It’s been two months now since Scotland moved into Phase 3 of lockdown restrictions, and pubs, shops and workplaces are beginning to reopen. I recently started a new job, and received a long policy email about how to fight COVID-19 in the workplace as part of my starter pack. Unfortunately, not every woman has been given this privilege: experts have found that women in the workplace have been set back ‘decades’ by the effects of lockdown…
Working women already face an uphill battle. Just under 50% of women know someone who has had to give up work due to the cost of childcare. Women are three times more likely to take time off work for caring responsibilities, either of children or elderly relatives. Women are consistently expected to be the ones sacrificing career progression for the sake of childcare, even when earning more than their husbands. Many women described leaving their jobs in order to avoid impeding the progress of their partner’s career, as well as to better cope with the burden of childcare.
In the 21st century, the majority of women work, and the majority of families need two incomes to stay above water. However, the burden of caring for the home and for children remains on women, a phenomenon commonly referred to as the ‘second shift’ – for instance, women on average spend two more hours a day on housework.
Like many issues with modern society, the pandemic and consequent measures taken (and not taken) by our government have only served to exacerbate this issue. Mothers were 47% more likely to have permanently lost their jobs or quit since lockdown began, and 14% more likely to have been furloughed. The sectors hit hardest by the crisis are the ones most likely to employ women: hospitality and retail.
Whilst the solution might appear to be allowing more people to work from home, only one in ten low earners are able to do so, and nearly 70% of low earners are women; therefore, women are disproportionately likely to be left without income during lockdown. For those that can work from home, the expectation of working and managing the household has been impossible to meet. Women working from home managed one productive hour for every three that men did, and mothers were looking after children for ten hours a day compared to fathers’ eight. Many families have been faced with tough choices that inevitably lead to mothers agreeing that leaving their job is best, if they can afford to. The final nail in the coffin is the lack of childcare: it is estimated that 150,000 providers will go out of business, meaning that the pressure on mothers to take care of their children will remain long after restrictions have been completely lifted.

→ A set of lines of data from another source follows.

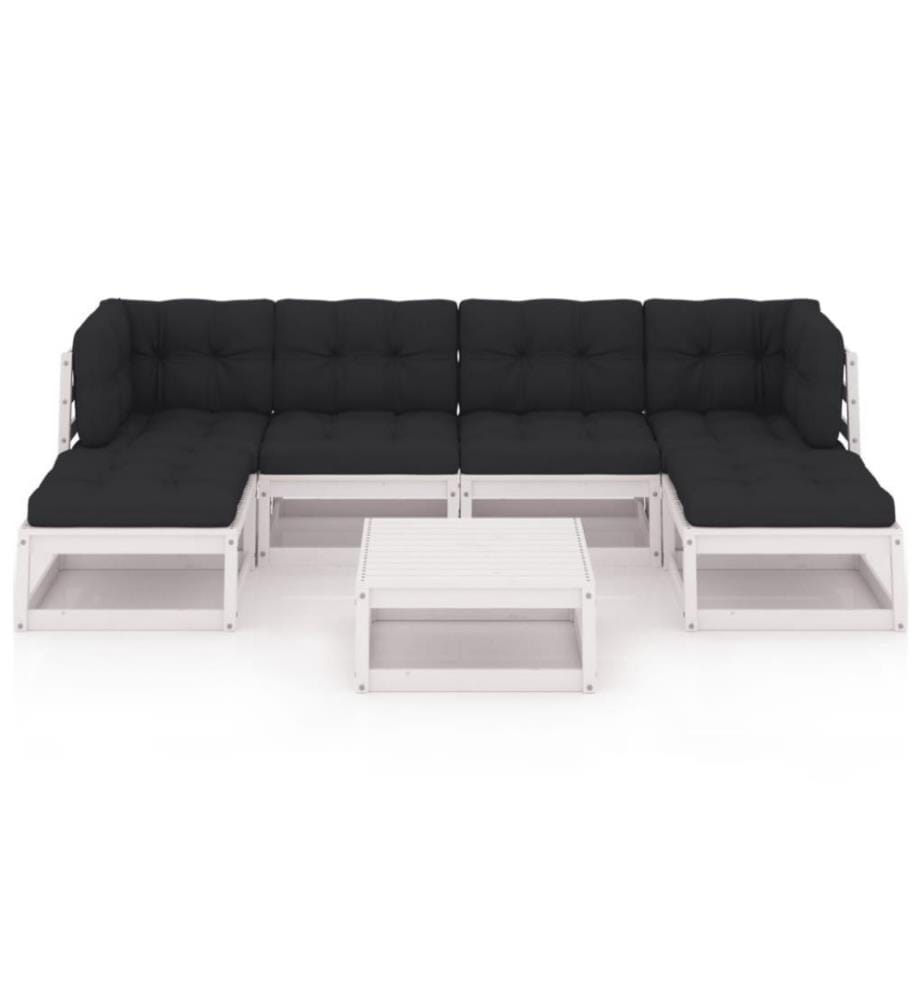 7-tlg. Garten-Lounge-Set mit Kissen Weiss Kiefer Massivholz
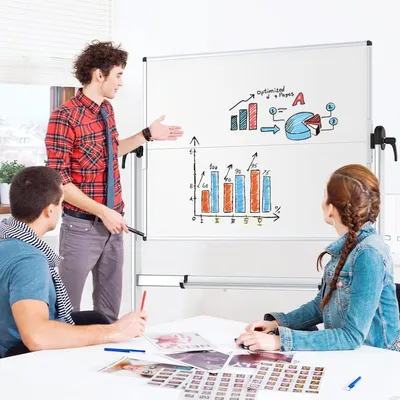 Image de Tableau blanc mobile double face, 112 x 112 cm, magnétique, sur roulettes, effaçable à sec, avec cadre en aluminium et support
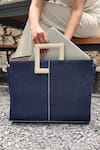 ADISEE_Blue Woven River Denim Structured Tote Bag_at_Aza_Fashions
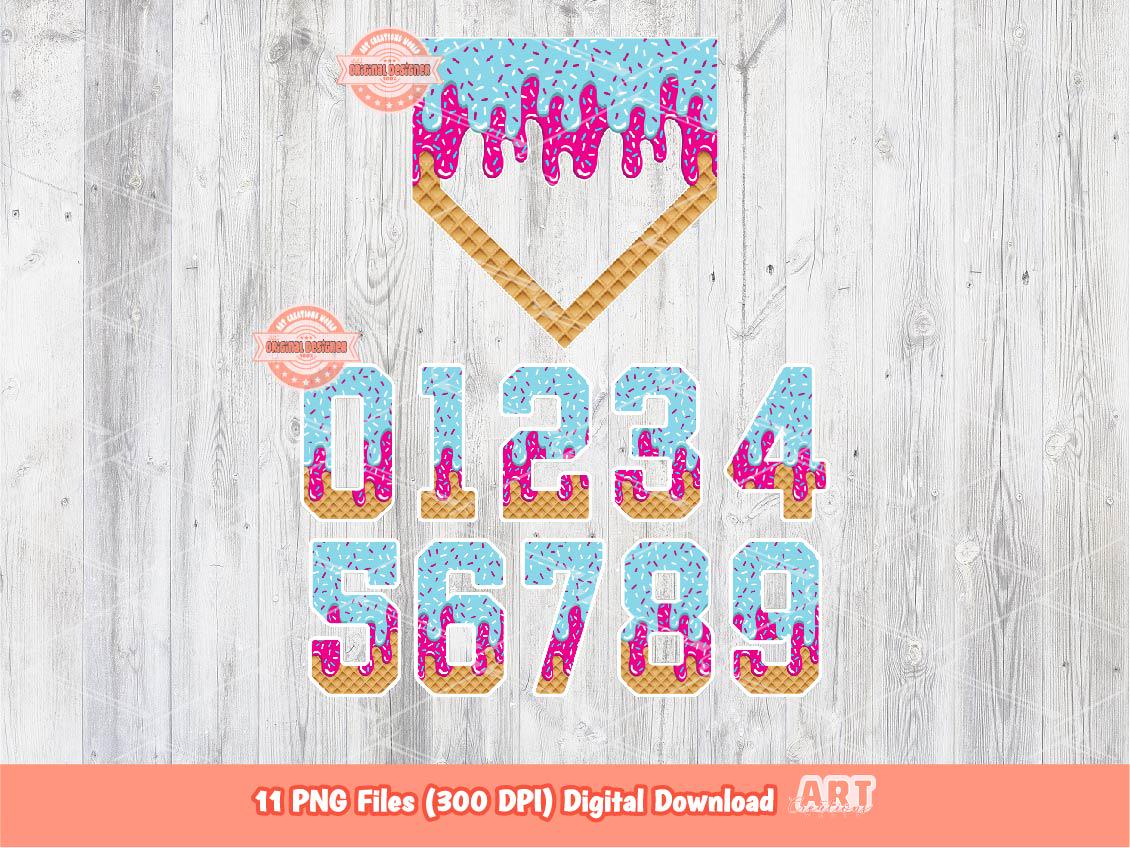 Pink Blue Drip Numbers Home Plate PNG Bundle, Drippy Sprinkles Trendy Ice Cream Sports numbers 0-9 Clipart Baseball Waffle Digital Download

During lockdown, the government exempted companies from their obligation to file data on gender pay gaps this year, and only half of all companies did. It is incredibly disappointing that without that obligation, companies simply will not bother. Analysis shows that it will likely be another 200 years before the gender pay gap is closed. We need serious intervention to ensure that women remain on track for independence. The ‘motherhood penalty’ is a serious barrier to equality, and the effects of lockdown have only sent us backwards.